While there are several bases to start memorable day hikes, like Mount Holyoke Range State Park and Mount Tom State Reservation, we chose to venture out to JA Skinner State Park. From there, we climbed to the summit of Mount Holyoke for one of the most beautiful views I’ve seen in a long time.
As we were teetering on the brink of rain and only had a limited amount of time to see everything, my travel buddy Lindsay and I chose to take the Halfway Trail to the Mt Holyoke Summit. You can hike right from the bottom or start about halfway up the mountain. Regardless, you’ll get a workout as there’s quite an incline to the top.
To park at this site, it costs $5 for MA locals or $10 for anyone out of state. It’s the same parking rate no matter where you leave your car within the state park boundaries.
If you want the rewarding view without much effort, you can actually drive to the top of the summit as there’s a small parking lot up there.
At the top of Mount Holyoke, enjoy a panoramic view of the surrounding area. There’s also the sprawling summit house, but it’s closed for renovations right now.
AN ARTSY REGION
I’m a massive fan of the arts, and there are a variety of creative outlets and ways to appreciate art in Hampshire County.
In Northampton, make sure you pay a visit to the Smith College Museum of Art. There are four floors of galleries featuring a portion of their permanent collection, as well as rotating special exhibits. There are collections of modern art, art from the ancient world, African art, Asian art, a collection of works on paper, and more.

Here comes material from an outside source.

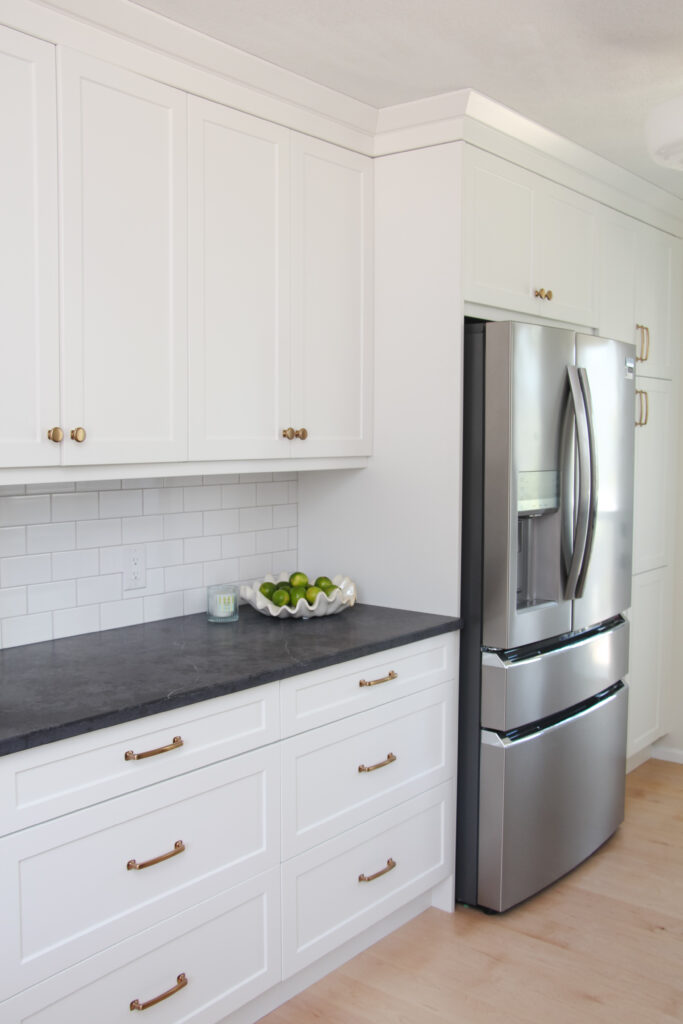 white galley kitchen with black quartz countertop, bowl of limes, gold hardware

At Smith College Museum of Art, some of the art is fully functional and used regularly by visitors. For instance, there are artist designed benches throughout the museum. When you stop to rest or admire paintings or sculptures in a seated position, you’ll be sitting on one-of-a-kind benches.
Next, the most surprising feature at Smith College Museum of Art were the artist-designed restrooms. Yes, restrooms! These are the fanciest and most captivating bathrooms I’ve ever seen. They are permanent works of art, and you’re welcome to check out both of them. If you’re visiting the men’s restroom as a lady (and vice versa), it’s a good idea to knock first out of courtesy for those who may be using them.

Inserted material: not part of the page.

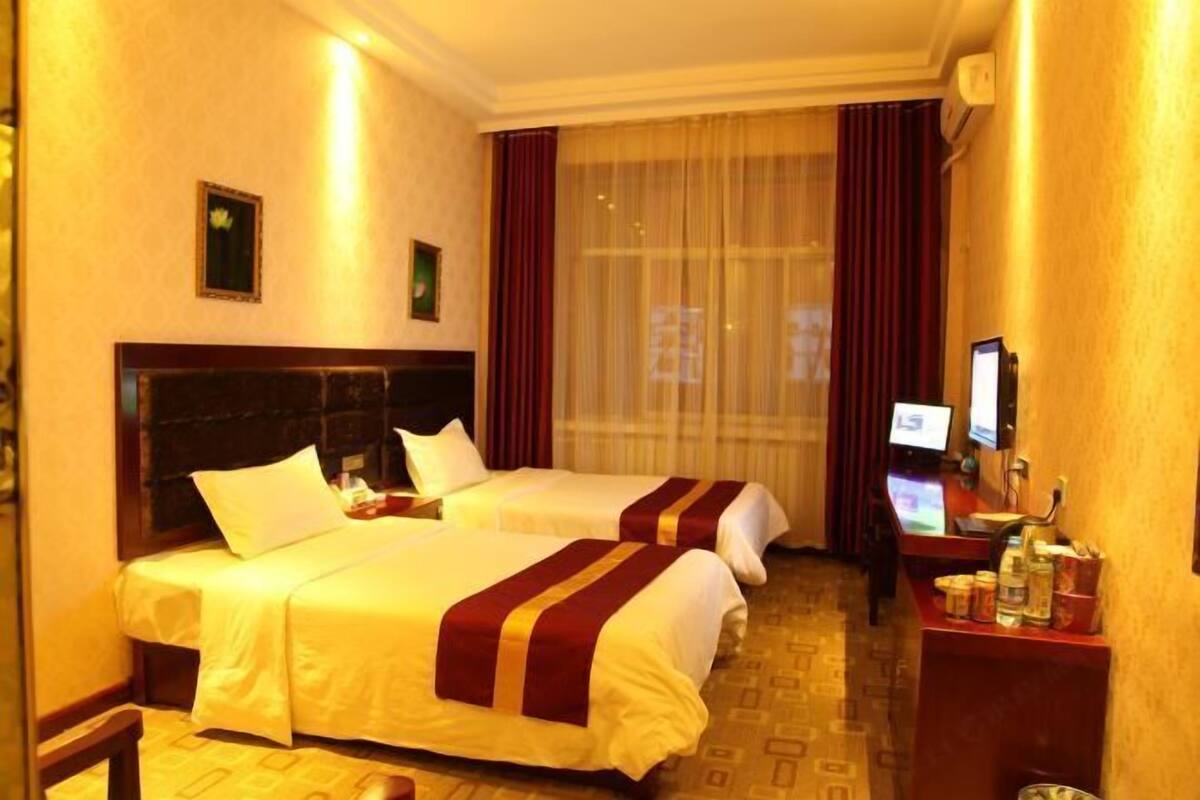Ein Hotelzimmer mit zwei Betten, einem Schreibtisch mit Computer und einem Fenster mit Vorhängen.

Thankfully, they weren’t in use when Lindsay and I entered and we took some photos. I think this is the first time I’ve admired and taken pictures of the inside of a public restroom.
SNOW FARM: THE NEW ENGLAND CRAFT PROGRAM
Snow Farm is an artistic retreat in a rural setting. Guests participate in an artistic discipline of their choice, even if they’re completely new to it. Snow Farm is a nonprofit organization with classes led by experts, allowing anyone to attempt or perfect any craft.
Lindsay and I took a tour of the Snow Farm grounds, learning a little bit about each class. Generally, attendees will stay in the dorms for a few days, meeting new people and even making long term friendships. There are a wide variety of workshops, including ceramics, mosaics, painting, fibre arts, glassblowing, woodworking, welding, metal smithing, flameworking, and more.
I’d love to return someday to take a class and learn a new skill!
STREET ART IN NORTHAMPTON
Walking around the streets of Northampton, you can observe street art and murals in interesting places. All over town, we noticed sidewalks, benches, electricity boxes, and the sides of buildings painted in creative ways. The town itself is a living, breathing work of art.
Wander around town and discover it for yourself.
SENSE OF COMMUNITY
Have you ever travelled somewhere and immediately felt a sense of belonging?
It seemed like everywhere we went, people were eager to strike up a conversation and recommend spots for us to check out. I got the impression that the locals were not only friendly, but there was an overwhelming aura of togetherness.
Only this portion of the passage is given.